Mark Spencer: March 2011

Thursday, March 24, 2011

Tape Is Dead ? No, Not Really...

In recent years, we have seen a shift away from tape media as a means of protecting corporate data. Tape has a long history of being the media of choice, due to it's ability to pack data in high density, low cost, portable packages. But it is also sensitive to magnetic interference, and temperature extremes. But the paradigm remains. How does an IT organization protect it's valuable data in an offsite, secure way, without incurring unreasonable costs ?

Many companies, like HP, believe that tape is dead. In fact, they have a product-line called SEPATON - "no tapes" spelled backwards. They believe that the cost of near line storage - inexpensive secondary data arrays - has come down far enough in price to challenge tape as a low-cost medium. In some respects, it is true.

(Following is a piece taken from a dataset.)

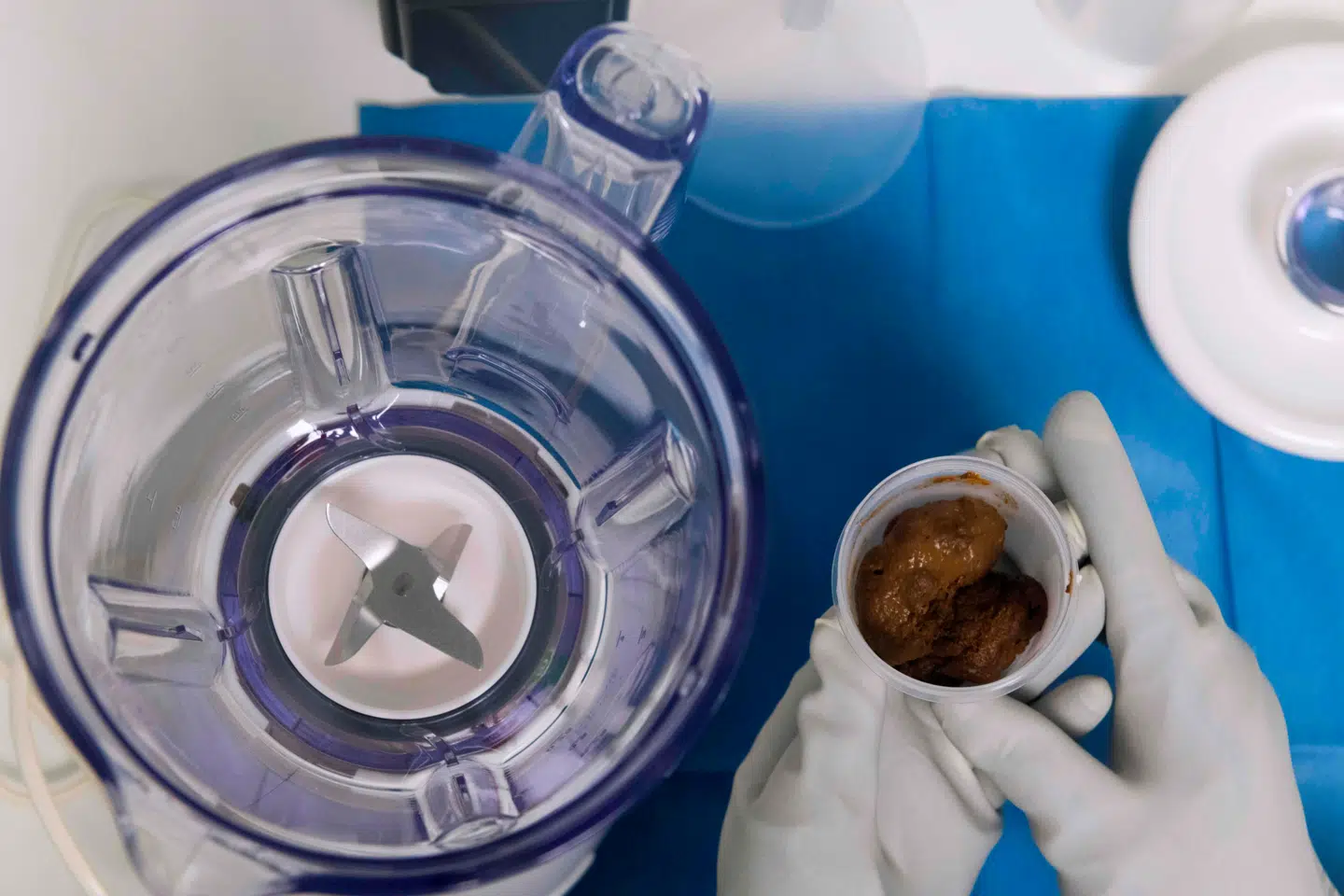 På Centre Hospitalier Universitaire forberedes afføring til at behandle patienter med alvorlige infektioner i tyktarmen. Foto: Thierry Zoccolan/AFP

Others would argue that the near line array needs to be offsite in order to satisfy even the most basic Business Continuity schemes. So the pat response is to house the secondary array in a second data centre ! Well, doesn't that fly in the face of keeping the data on the cheapest media possible ? Imagine the face of the CFO when you suggest you want to DOUBLE his costs for IT !

A recent "replacement" for traditional tape systems is the Virtual Tape Library (VTL). VTL takes common storage devices line SAN or NAS, and mimics a Tape Library. The data is streamed to "tapes", which in reality are small disk volumes on the storage device. I've never really seen the value of having a VTL, as you lose the portability.

In all reality, current ideas about Information Lifecycle Management (ILM) point towards a tiered storage approach. Data being used by business applications in day-to-day operations is stored on a Primary, high-speed array. When data is considered stale, either due to it's age (a few days for example) or a change in it's IO requirements, it can move to a secondary tier of storage, in less expensive and lower performance disks. Finally, data which has not been accessed in a longer period of time (say 6 months) gets relegated to long-term retention - AKA tape.

This ILM means that data can be moved around automatically, according to pre-defined policies, in line with the business's goals & requirements. Further, tape is still used for long-term data retention, but is not the primary means of recovery. The secondary tier provides the majority of that function, minimizing the tape requirements, but not eliminating it.

The opinions expressed in this post are purely those of the author. Opinions are like noses; everyone has one and they are entitled to it !

Monday, March 21, 2011

Data Lifecycle Management

I have been spending a significant amount of time lately researching how computer data storage has been evolving in the last 5 years. As many of you know, I earn my living as a consultant who develops complex IT solutions for my clients - matching appropriate technology solutions to real business problems. Data Lifecycle Management is a hot topic these days !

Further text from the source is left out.